# Things I never knew (or forgot) and may surprise you too



## tonywalk (Sep 10, 2002)

When swapping a disc out to a completely different image, the Tivo will remember which remote control address (4 in my case) the Tivo was set to.

There is a deeper "bong" in the system than the deeper bong that you get at the bottom of a page for example. When I put the AltEPG image on my Dev Tivo it had some phantom progs in "Now Playing". Trying to play these results in the very deep and timbrous bong.

Looking at the chips on the mainboard I noticed that the MPEG2 chip is actually badged IBM. Add that one to the IBM PowerPC processor.


----------



## Automan (Oct 29, 2000)

Indeed, check these two motherboard photos taken at the Tivo user meeting in London - 9th Feb 2001.

http://www.morlocks.co.uk/stormpages/index.htm

Automan.


----------



## mercurial (Oct 17, 2002)

tonywalk said:


> When swapping a disc out to a completely different image, the Tivo will remember which remote control address (4 in my case) the Tivo was set to.
> 
> There is a deeper "bong" in the system than the deeper bong that you get at the bottom of a page for example. When I put the AltEPG image on my Dev Tivo it had some phantom progs in "Now Playing". Trying to play these results in the very deep and timbrous bong.
> 
> Looking at the chips on the mainboard I noticed that the MPEG2 chip is actually badged IBM. Add that one to the IBM PowerPC processor.


That wasn't a "bong" it was the cloister bell, there is trouble in the TARDIS.


----------



## Automan (Oct 29, 2000)

Picture from 2001









Picture from 2011









Automan.


----------



## OzSat (Feb 15, 2001)

What have you been splashing on your TiVo?


----------



## Automan (Oct 29, 2000)

OzSat said:


> What have you been splashing on your TiVo?
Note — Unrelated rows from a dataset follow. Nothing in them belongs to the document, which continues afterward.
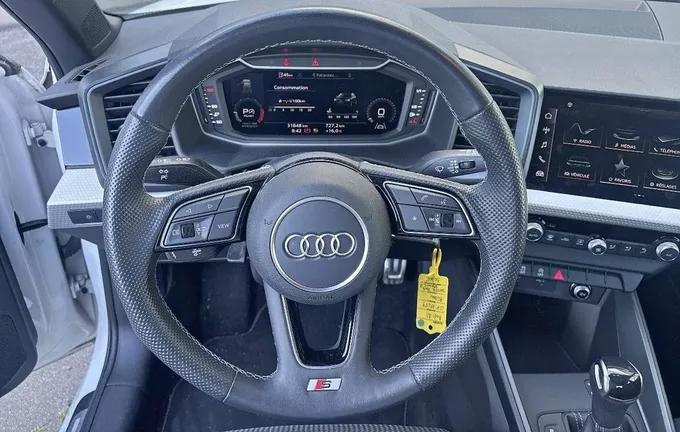 AUDI A1 Sportback 30 TFSI 110 ch S tronic 7 S Line photo 12 2128750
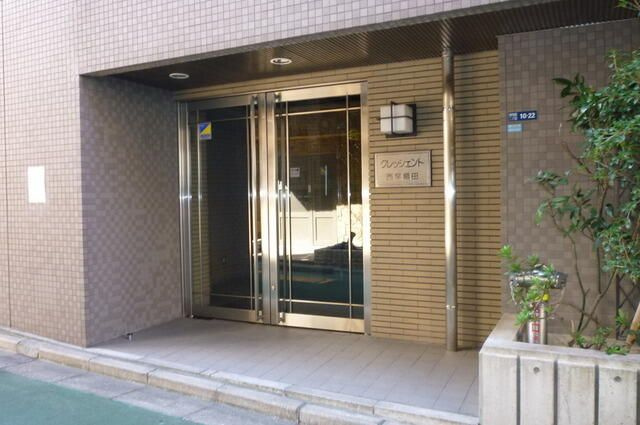 クレッシェント西早稲田のエントランス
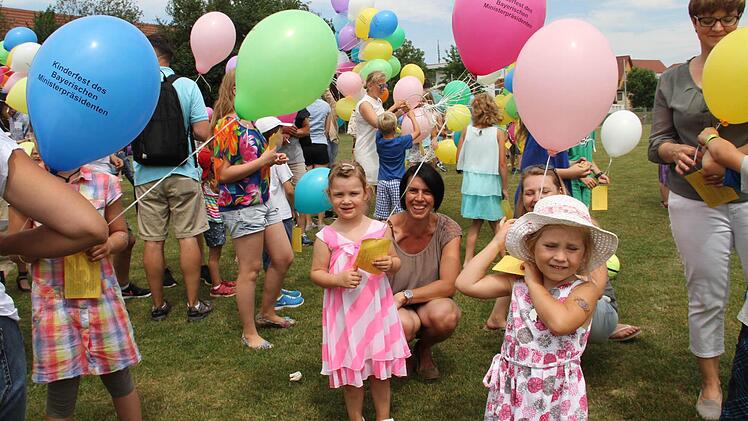 Auch ein Luftballon- Wettbewerb gehörte zum Programm, bei dem später Hunderte von bunten Ballons in den Himmel stiegen. Foto: Gerda Völk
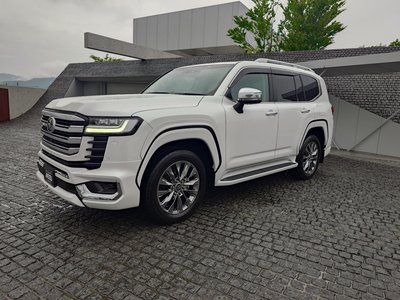 TOYOTA LAND CRUISER - 2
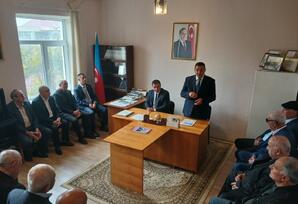Ağsaqqalların cəmiyyətdə rolu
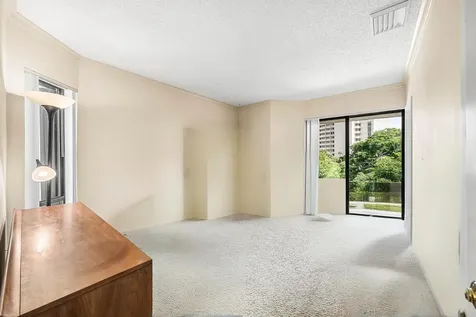 1109 Marine Way E L4r Way North Palm Beach FL 33408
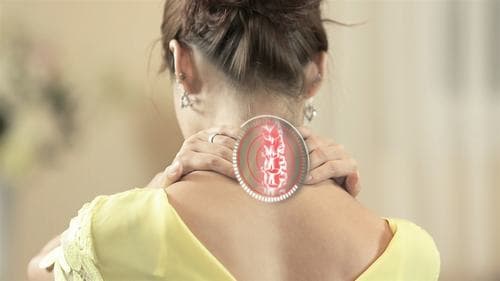 Vấn đề tuổi tác, tư thế vận động sai cách... gây nên hàng loạt các bệnh lý trong đó có thoái hóa cột sống cổ. 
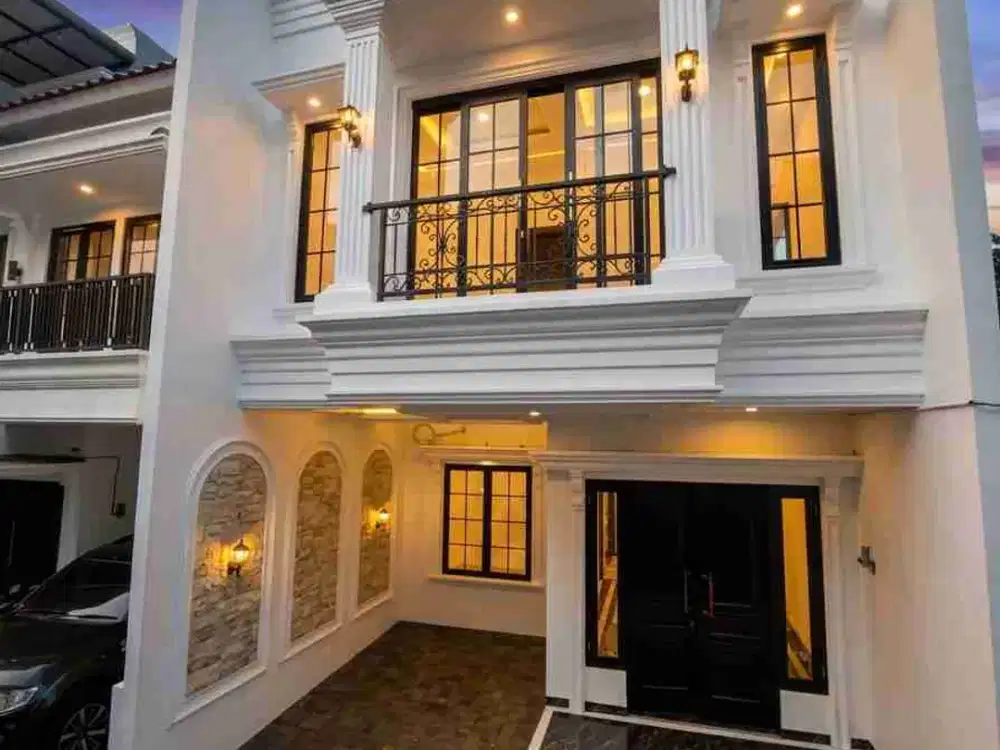 Rumah dalam cluster startegis pinggir jalan raya akses 2 mobil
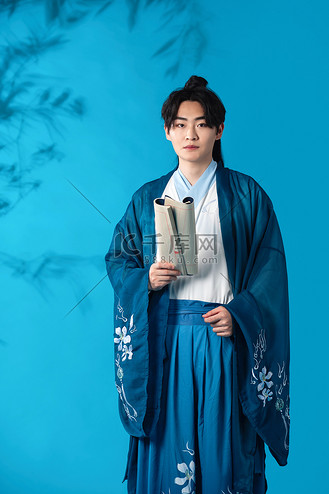 古风坐姿男子图片素材_拿着书的古风男子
It is just bubbles / marks on the protective film that I never removed 

Automan.


----------



## Furball (Dec 6, 2001)

Crumbs I thought I was the only one that didnt remove the protective film off stuff 

Furball


----------



## TCM2007 (Dec 25, 2006)

Wow, first thing that comes off for me. Leaving it on reminds me of a friend's parents who left the plastic wrap on their sofas so they didn't get damaged.


----------



## Automan (Oct 29, 2000)

This still has it's film on for easy return 

Automan.


----------



## OzSat (Feb 15, 2001)

Automan said:


> It is just bubbles / marks on the protective film that I never removed
> 
> Automan.


Judging by the stains you get on your kit it is a good job the film is left on them  

Actually, I tend to leave it on too as less it is really naff looking - my first S-VHS player had to have it kept on so you could see the S-VHS logo.


----------



## Richard42 (Dec 27, 2000)

ok there's a coin battery on the motherboard that must have died by now, so what info is TiVo no longer saving on a power cycle reboot 
Should it be replaced ?


----------



## TCM2007 (Dec 25, 2006)

The clock, although I think that survives a power cycle, just not a sustained off.


----------



## unitron (Apr 28, 2006)

Automan said:


> Indeed, check these two motherboard photos taken at the Tivo user meeting in London - 9th Feb 2001.
> 
> http://www.morlocks.co.uk/stormpages/index.htm
> 
> Automan.


It appears the UK version didn't have the braindead CMOS battery holder arrangement of the U.S. S1 models.


----------



## Pete77 (Aug 1, 2006)

Richard42 said:


> ok there's a coin battery on the motherboard that must have died by now, so what info is TiVo no longer saving on a power cycle reboot


Those batteries normally last three or four years even when they are actively powering something (like a watch with no mains supply).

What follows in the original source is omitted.